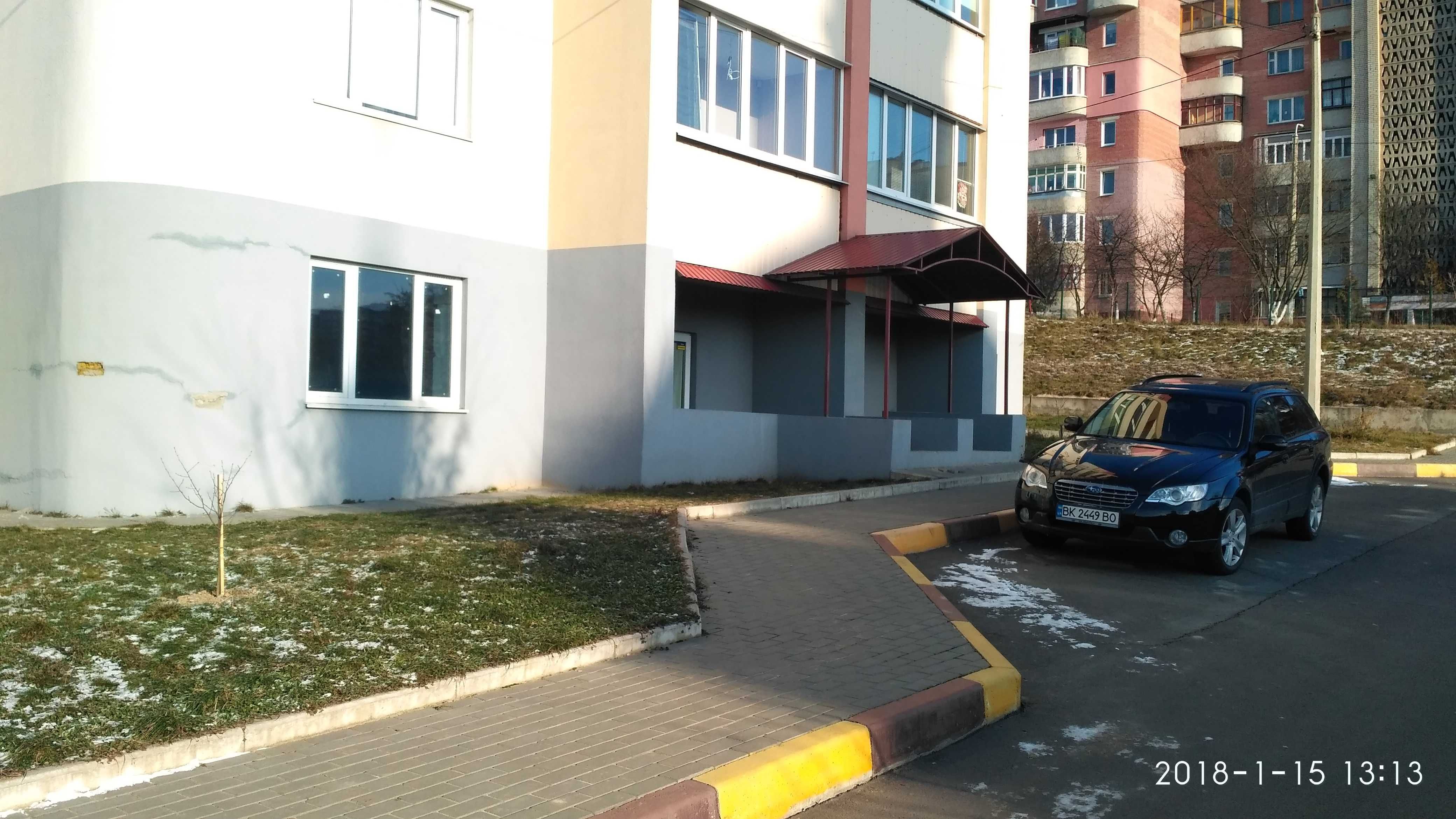 Оренда приміщення вільного призначенння (300 м.кв.) вул. Коновальця Є.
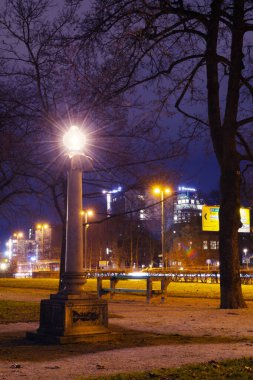Slovenya 'nın Ljubljana kentindeki Tivoli parkından şehir merkezine ait gece manzarası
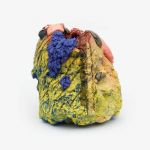 Brian Rochefort, Fiery Dawn, 2020, ceramica, smalto, frammenti di vetro, 55.8 × 50.8 × 55.8 cm. Courtesy Massimo De Carlo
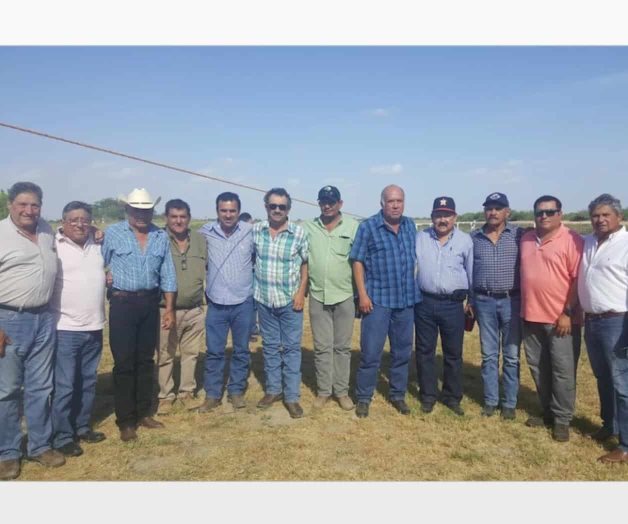 Armando Silva Escobedo festeja su cumpleaños Armando Silva Escobedo festeja su cumpleaños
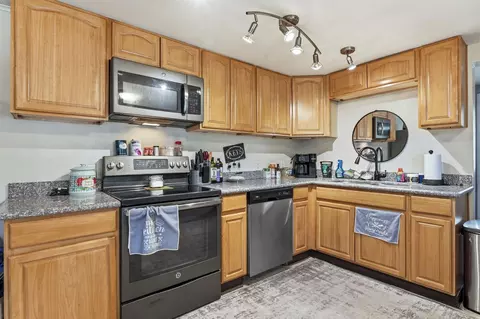 Kitchen - 10907 E 17th St, Spokane, WA 99206 photo 3 of 4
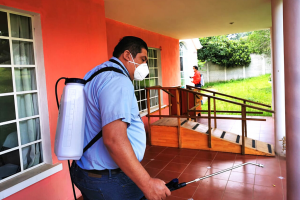 Personal de Riesgos limpia y desinfecta el centro de atención permanente den Santiago Sacatepéquez.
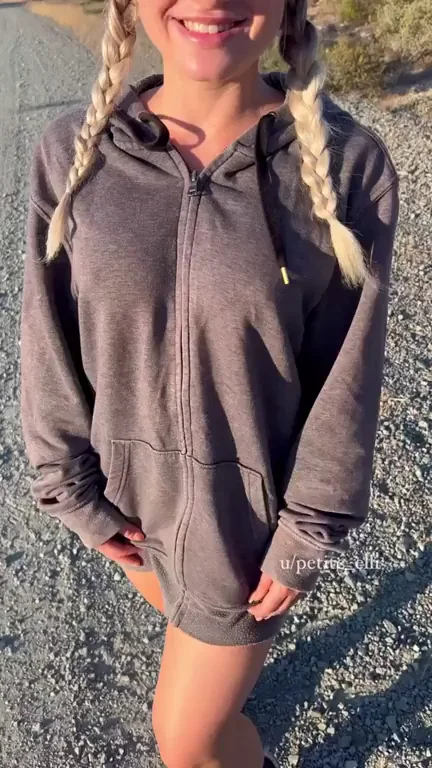 Gym Bunny Blonde's Epic Titty Drop Tease 💦🏋️‍♀️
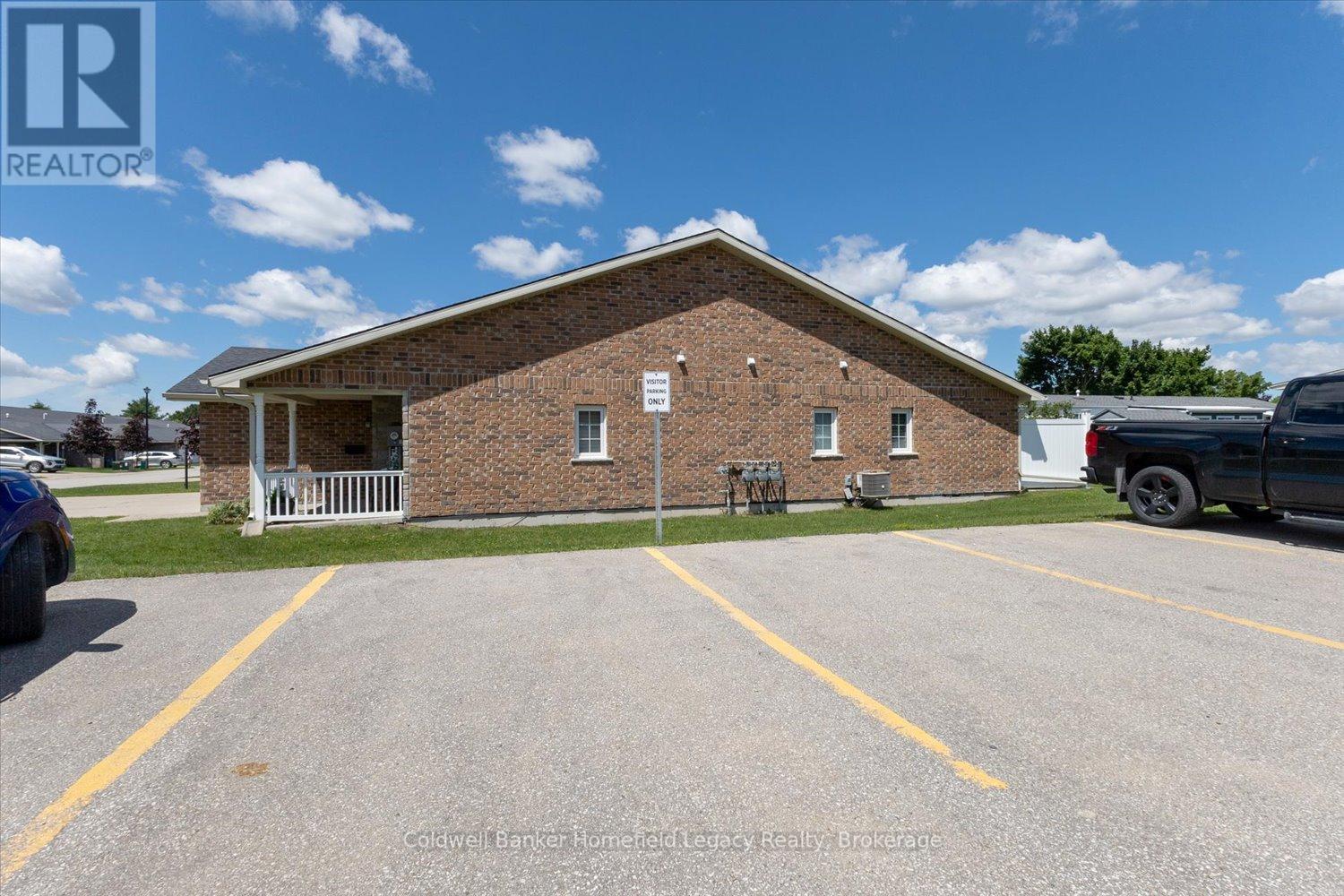 12 Devon Drive E, South Huron (Exeter), ON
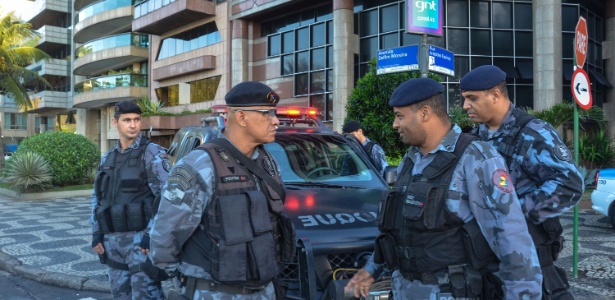 Após protestos, policiais do Batalhão de Choque da Polícia Militar reforçam o policiamento na rua onde mora o governador Sérgio Cabral, no Leblon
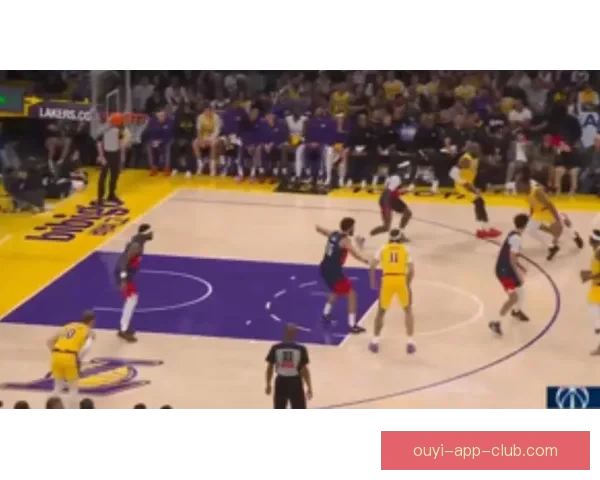 布朗尼回忆与父亲单挑比赛：赢得比赛后他不小心打碎了篮板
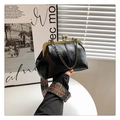 Borsa vintage da medico nera con chiusura dorata e tracolla larga a motivo totem - Nero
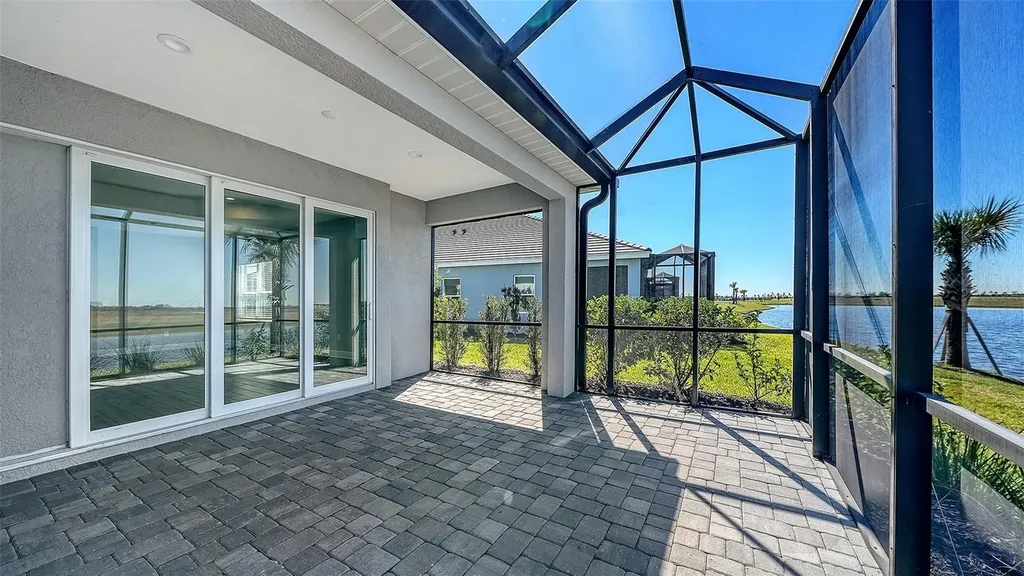 2118 Sylvester Palm Lane Bradenton FL 34212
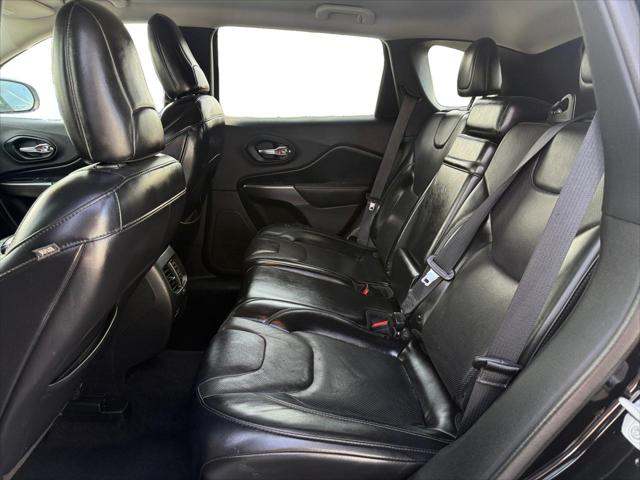 2019 Jeep Cherokee Limited FWD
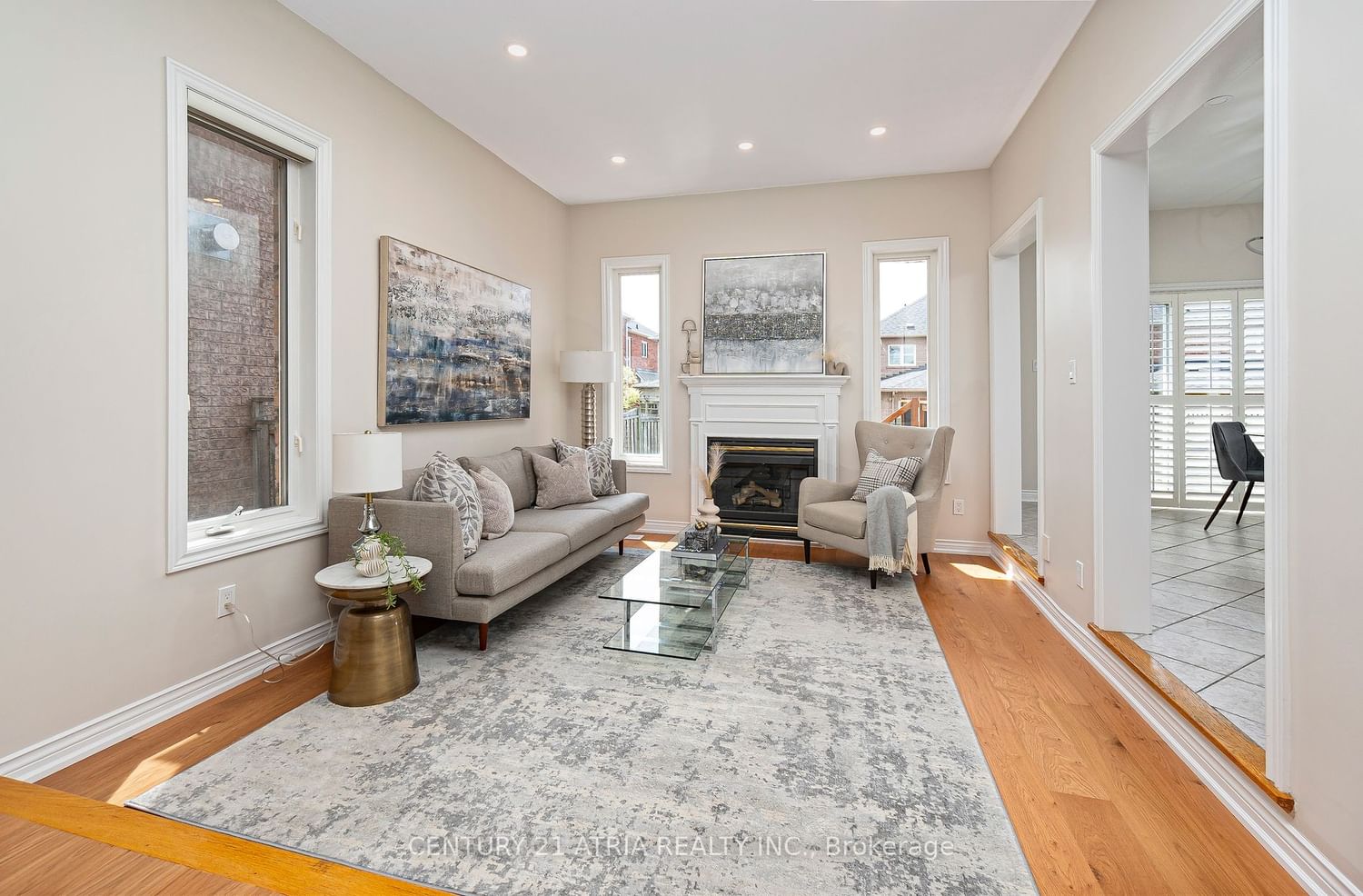 Listing Image 7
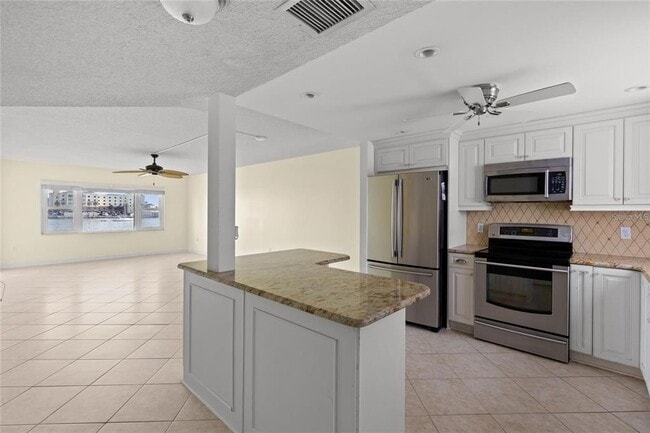 Photo - 4775 Cove Cir Unit 202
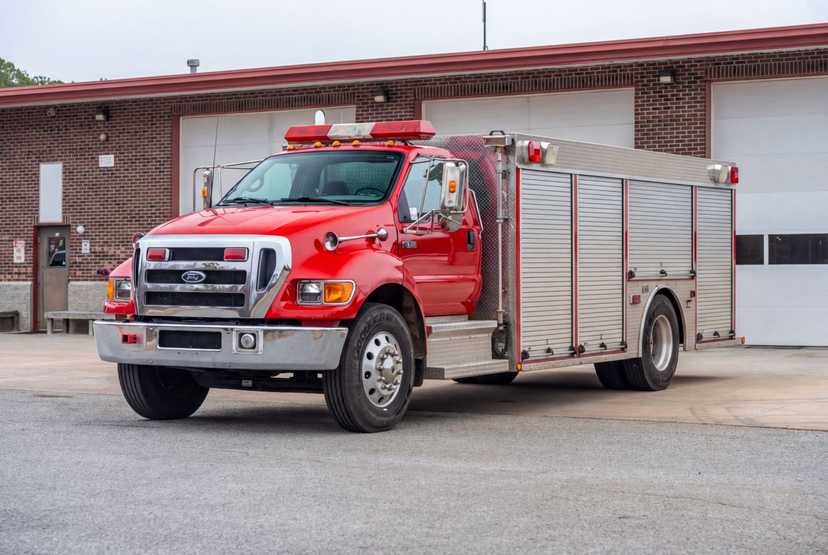 2004 Ford 750 Squad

----------

(ACTIVITY): In the entries above, find the line that contains "Gym Bunny Blonde's" and the line that contains "Listing Image 7". Reproduce exactly those two lines and every line between them, but not the pictures.

(SOLVED EXERCISE):
 Gym Bunny Blonde's Epic Titty Drop Tease 💦🏋️‍♀️
 12 Devon Drive E, South Huron (Exeter), ON
 Após protestos, policiais do Batalhão de Choque da Polícia Militar reforçam o policiamento na rua onde mora o governador Sérgio Cabral, no Leblon
 布朗尼回忆与父亲单挑比赛：赢得比赛后他不小心打碎了篮板
 Borsa vintage da medico nera con chiusura dorata e tracolla larga a motivo totem - Nero
 2118 Sylvester Palm Lane Bradenton FL 34212
 2019 Jeep Cherokee Limited FWD
 Listing Image 7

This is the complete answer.